GNU Astronomy Utilities

2.2.6 Extract clumps and objects (Segmentation)

In NoiseChisel optimization we found a good detection map over the image, so pixels harboring signal have been differentiated from those that do not. For noise-related measurements like the surface brightness limit, this is fine. However, after finding the pixels with signal, you are most likely interested in knowing the sub-structure within them. For example, how many star forming regions (those bright dots along the spiral arms) of M51 are within this image? What are the colors of each of these star forming regions? In the outer most wings of M51, which pixels belong to background galaxies and foreground stars? And many more similar questions.
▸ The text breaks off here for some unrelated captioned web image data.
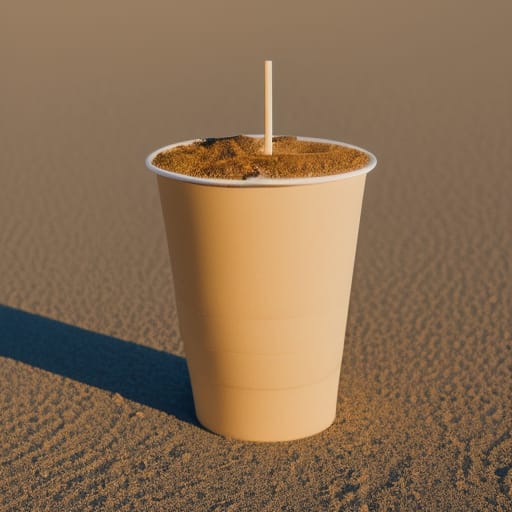 Este es el futro con el cambioclimatico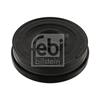 Febi Crankshaft Belt Pulley 37419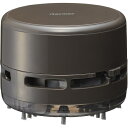 レイメイ藤井 卓上クリーナーダークブラウン (1個) 品番:RTC153E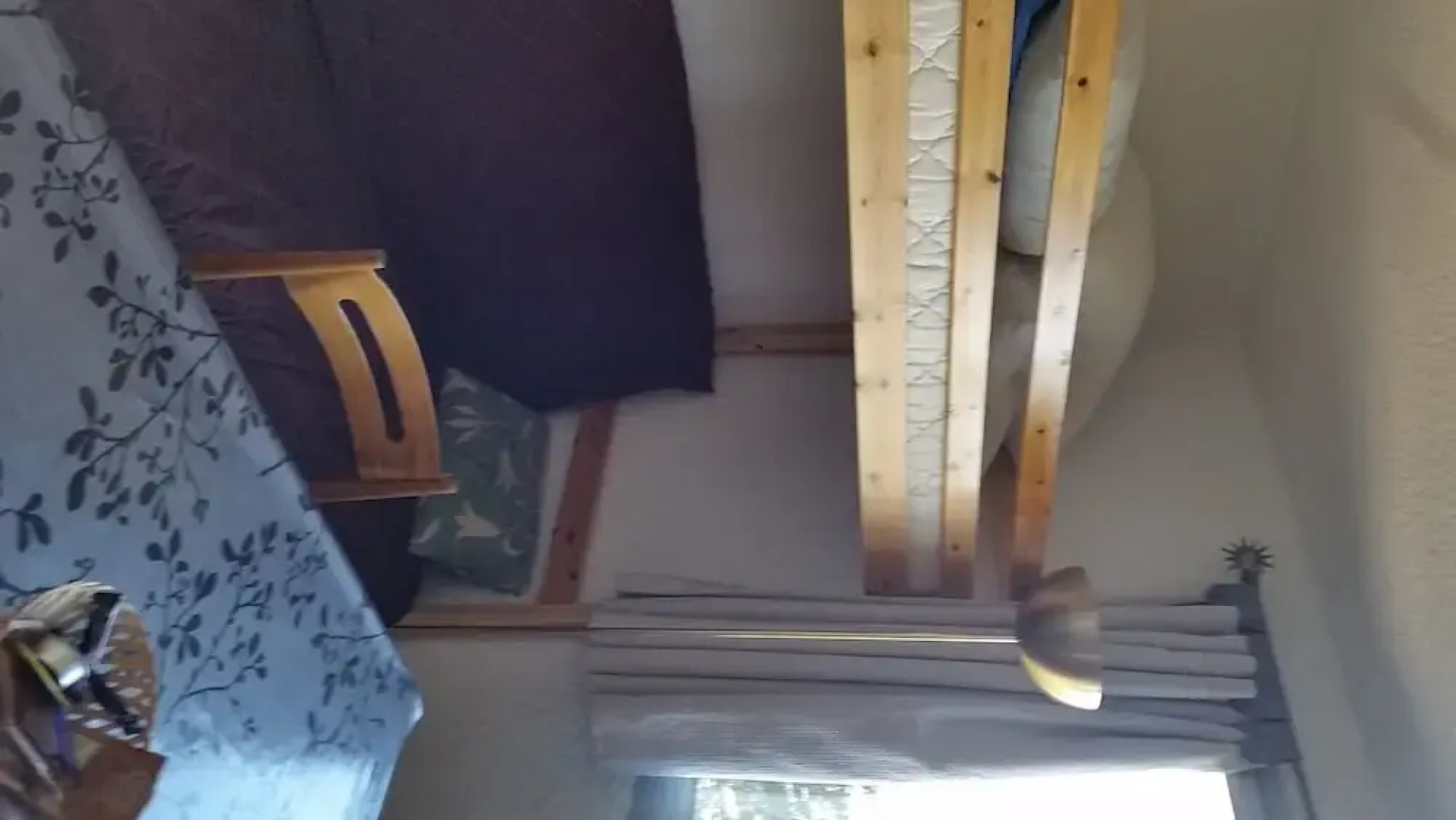 Appartements les Bressanes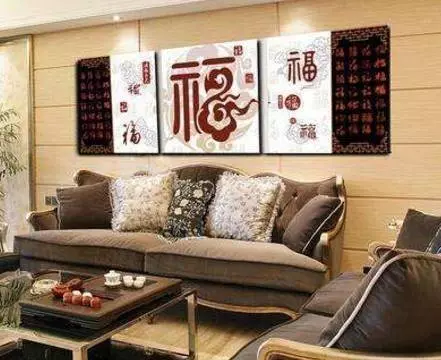 裝修之後一定要放這三樣東西,富人家都懂,越住越富有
To address these questions, you can use Segment to identify all the “clumps” and “objects” over the detection.

$ astsegment r_detected.fits --output=r_segmented.fits
$ ds9 -mecube r_segmented.fits -cmap sls -zoom to fit -scale limits 0 2

Open the output r_segmented.fits as a multi-extension data cube with the second command above and flip through the first and second extensions, zoom-in to the spiral arms of M51 and see the detected clumps (all pixels with a value larger than 1 in the second extension). To optimize the parameters and make sure you have detected what you wanted, we recommend to visually inspect the detected clumps on the input image.

For visual inspection, you can make a simple shell script like below. It will first call MakeCatalog to estimate the positions of the clumps, then make an SAO DS9 region file and open ds9 with the image and region file. Recall that in a shell script, the numeric variables (like $1, $2, and $3 in the example below) represent the arguments given to the script. But when used in the AWK arguments, they refer to column numbers.
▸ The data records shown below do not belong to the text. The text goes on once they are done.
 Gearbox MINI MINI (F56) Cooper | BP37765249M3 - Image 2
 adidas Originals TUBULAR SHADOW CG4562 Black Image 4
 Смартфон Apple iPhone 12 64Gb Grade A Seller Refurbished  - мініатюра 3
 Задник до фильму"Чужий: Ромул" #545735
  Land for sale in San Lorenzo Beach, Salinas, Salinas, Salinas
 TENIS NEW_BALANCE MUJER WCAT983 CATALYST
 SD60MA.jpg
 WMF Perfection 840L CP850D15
To create the shell script, using your favorite text editor, put the contents below into a file called Recall that everything after a # is just comments to help you understand the command (so read them!). Also note that if you are copying from the PDF version of this book, fix the single quotes in the AWK command.

#! /bin/bash
set -e     # Stop execution when there is an error.
set -u     # Stop execution when a variable is not initialized.
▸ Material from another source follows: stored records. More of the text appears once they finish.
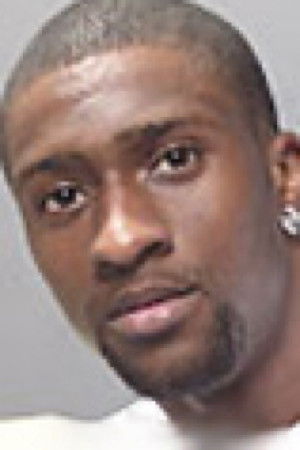 et billede af Obsession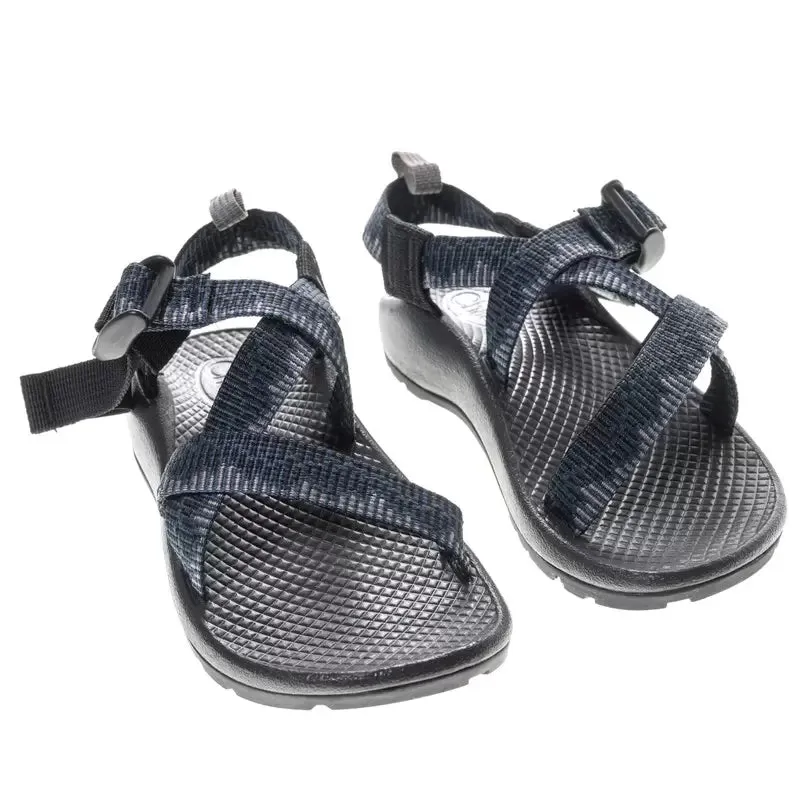Chaco Z1 Ecotread - Youth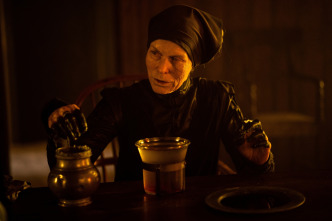 Imagen de Gretel & Hansel - 8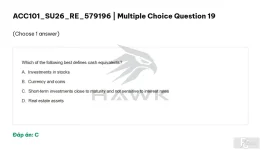 ACC101 SU26 FE RE_019.webp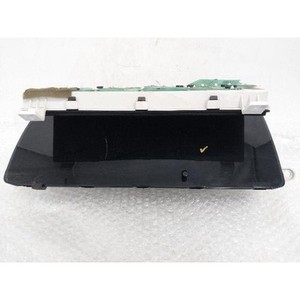 Paneles de Instrumentos Usados Equus 940233B500 - Product Image 1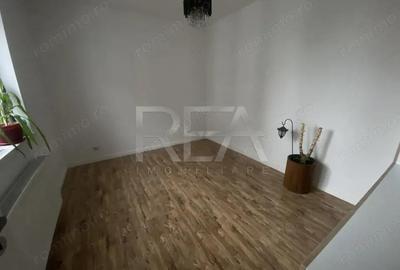 2 camere Art Temple Residence - 4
# Run MakeCatalog to write the coordinates into a FITS table.
# Default output is `$1_cat.fits'.
astmkcatalog $1.fits --clumpscat --ids --ra --dec

# Use Gnuastro's Table and astscript-ds9-region to build the DS9
# region file (a circle of radius 1 arcseconds on each point).
asttable $1"_cat.fits" -hCLUMPS -cRA,DEC \
         | astscript-ds9-region -c1,2 --mode=wcs --radius=1 \

# Show the image (with the requested color scale) and the region file.
ds9 -geometry 1800x3000 -mecube $1.fits -zoom to fit                   \
    -scale limits $2 $3 -regions load all $1.reg

# Clean up (delete intermediate files).
rm $1"_cat.fits" $1.reg

Finally, you just have to activate the script’s executable flag with the command below. This will enable you to directly/easily call the script as a command.

$ chmod +x

This script does not expect the .fits suffix of the input’s filename as the first argument. Because the script produces intermediate files (a catalog and DS9 region file, which are later deleted). However, we do not want multiple instances of the script (on different files in the same directory) to collide (read/write to the same intermediate files). Therefore, we have used suffixes added to the input’s name to identify the intermediate files. Note how all the $1 instances in the commands (not within the AWK command56) are followed by a suffix. If you want to keep the intermediate files, put a # at the start of the last line.

The few, but high-valued, bright pixels in the central parts of the galaxies can hinder easy visual inspection of the fainter parts of the image. With the second and third arguments to this script, you can set the numerical values of the color map (first is minimum/black, second is maximum/white). You can call this script with any57 output of Segment (when --rawoutput is not used) with a command like this:

$ ./ r_segmented -0.1 2

Go ahead and run this command. You will see the intermediate processing being done and finally it opens SAO DS9 for you with the regions superimposed on all the extensions of Segment’s output. The script will only finish (and give you control of the command-line) when you close DS9. If you need your access to the command-line before closing DS9, add a & after the end of the command above.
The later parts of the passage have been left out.